Assignment | Write out exactly the lines from the start of the entries through the one that contains "Low angle view", including both.

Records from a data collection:

[Start of Attachment]

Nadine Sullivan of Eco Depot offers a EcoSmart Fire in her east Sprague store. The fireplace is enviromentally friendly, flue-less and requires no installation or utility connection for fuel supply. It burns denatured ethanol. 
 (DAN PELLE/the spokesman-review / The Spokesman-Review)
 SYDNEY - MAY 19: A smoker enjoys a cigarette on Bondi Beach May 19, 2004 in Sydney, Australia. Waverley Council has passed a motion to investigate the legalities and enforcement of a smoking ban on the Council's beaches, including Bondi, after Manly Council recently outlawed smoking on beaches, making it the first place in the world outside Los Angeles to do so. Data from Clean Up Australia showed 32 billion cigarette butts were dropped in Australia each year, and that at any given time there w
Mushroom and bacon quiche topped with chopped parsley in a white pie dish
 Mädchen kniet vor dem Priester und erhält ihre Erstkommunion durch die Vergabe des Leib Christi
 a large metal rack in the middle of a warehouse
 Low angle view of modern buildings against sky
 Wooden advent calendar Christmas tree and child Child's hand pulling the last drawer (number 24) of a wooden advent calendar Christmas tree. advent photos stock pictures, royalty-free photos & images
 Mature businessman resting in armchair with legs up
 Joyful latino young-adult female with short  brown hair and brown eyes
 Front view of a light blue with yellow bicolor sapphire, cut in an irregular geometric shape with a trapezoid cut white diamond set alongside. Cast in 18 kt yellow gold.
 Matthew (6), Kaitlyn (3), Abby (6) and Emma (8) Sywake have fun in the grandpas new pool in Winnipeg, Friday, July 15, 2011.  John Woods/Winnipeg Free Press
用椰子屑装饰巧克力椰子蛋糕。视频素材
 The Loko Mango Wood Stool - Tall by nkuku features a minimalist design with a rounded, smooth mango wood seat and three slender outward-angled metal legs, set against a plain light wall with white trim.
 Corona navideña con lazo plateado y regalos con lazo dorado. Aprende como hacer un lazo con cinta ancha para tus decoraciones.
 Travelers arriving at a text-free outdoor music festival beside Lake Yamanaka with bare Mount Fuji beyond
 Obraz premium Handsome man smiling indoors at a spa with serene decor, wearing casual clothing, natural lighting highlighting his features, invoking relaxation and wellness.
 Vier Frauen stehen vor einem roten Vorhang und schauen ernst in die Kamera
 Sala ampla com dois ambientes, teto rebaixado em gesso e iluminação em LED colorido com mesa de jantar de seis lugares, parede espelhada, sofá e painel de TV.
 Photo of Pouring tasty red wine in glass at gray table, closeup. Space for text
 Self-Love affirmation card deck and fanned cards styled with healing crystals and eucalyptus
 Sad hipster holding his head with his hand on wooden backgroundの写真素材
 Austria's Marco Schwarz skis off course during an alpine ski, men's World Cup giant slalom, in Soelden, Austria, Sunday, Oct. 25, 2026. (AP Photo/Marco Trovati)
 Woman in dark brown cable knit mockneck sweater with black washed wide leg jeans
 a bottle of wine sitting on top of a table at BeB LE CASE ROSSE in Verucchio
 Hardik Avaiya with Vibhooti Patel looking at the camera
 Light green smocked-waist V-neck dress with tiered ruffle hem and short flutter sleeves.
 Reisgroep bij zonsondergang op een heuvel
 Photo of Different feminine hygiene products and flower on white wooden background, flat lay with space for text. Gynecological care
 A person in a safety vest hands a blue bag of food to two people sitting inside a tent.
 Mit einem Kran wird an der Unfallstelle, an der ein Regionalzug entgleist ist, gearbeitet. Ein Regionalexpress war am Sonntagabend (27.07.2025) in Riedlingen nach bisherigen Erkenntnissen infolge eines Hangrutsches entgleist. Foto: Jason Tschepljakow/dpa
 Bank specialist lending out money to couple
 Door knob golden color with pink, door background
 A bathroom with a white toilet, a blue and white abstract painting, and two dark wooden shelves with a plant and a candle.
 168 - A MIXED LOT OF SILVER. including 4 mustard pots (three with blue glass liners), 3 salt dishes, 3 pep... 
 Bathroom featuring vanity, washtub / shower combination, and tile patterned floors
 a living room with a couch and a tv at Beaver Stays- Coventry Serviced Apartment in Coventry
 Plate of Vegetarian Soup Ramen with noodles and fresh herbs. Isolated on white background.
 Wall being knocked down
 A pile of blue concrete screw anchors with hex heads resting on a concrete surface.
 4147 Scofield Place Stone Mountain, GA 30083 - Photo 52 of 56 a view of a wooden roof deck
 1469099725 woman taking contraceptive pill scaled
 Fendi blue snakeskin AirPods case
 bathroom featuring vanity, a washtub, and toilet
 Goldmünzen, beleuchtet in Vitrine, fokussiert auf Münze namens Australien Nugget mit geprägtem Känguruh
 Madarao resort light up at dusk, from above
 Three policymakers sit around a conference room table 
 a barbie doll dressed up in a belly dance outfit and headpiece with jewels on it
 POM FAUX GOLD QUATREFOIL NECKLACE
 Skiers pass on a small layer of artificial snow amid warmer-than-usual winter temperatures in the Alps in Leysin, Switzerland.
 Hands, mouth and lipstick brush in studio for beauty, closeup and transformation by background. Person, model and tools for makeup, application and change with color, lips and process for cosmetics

[End of Attachment]

Reply to the exercise |
Nadine Sullivan of Eco Depot offers a EcoSmart Fire in her east Sprague store. The fireplace is enviromentally friendly, flue-less and requires no installation or utility connection for fuel supply. It burns denatured ethanol. 
 (DAN PELLE/the spokesman-review / The Spokesman-Review)
 SYDNEY - MAY 19: A smoker enjoys a cigarette on Bondi Beach May 19, 2004 in Sydney, Australia. Waverley Council has passed a motion to investigate the legalities and enforcement of a smoking ban on the Council's beaches, including Bondi, after Manly Council recently outlawed smoking on beaches, making it the first place in the world outside Los Angeles to do so. Data from Clean Up Australia showed 32 billion cigarette butts were dropped in Australia each year, and that at any given time there w
Mushroom and bacon quiche topped with chopped parsley in a white pie dish
 Mädchen kniet vor dem Priester und erhält ihre Erstkommunion durch die Vergabe des Leib Christi
 a large metal rack in the middle of a warehouse
 Low angle view of modern buildings against sky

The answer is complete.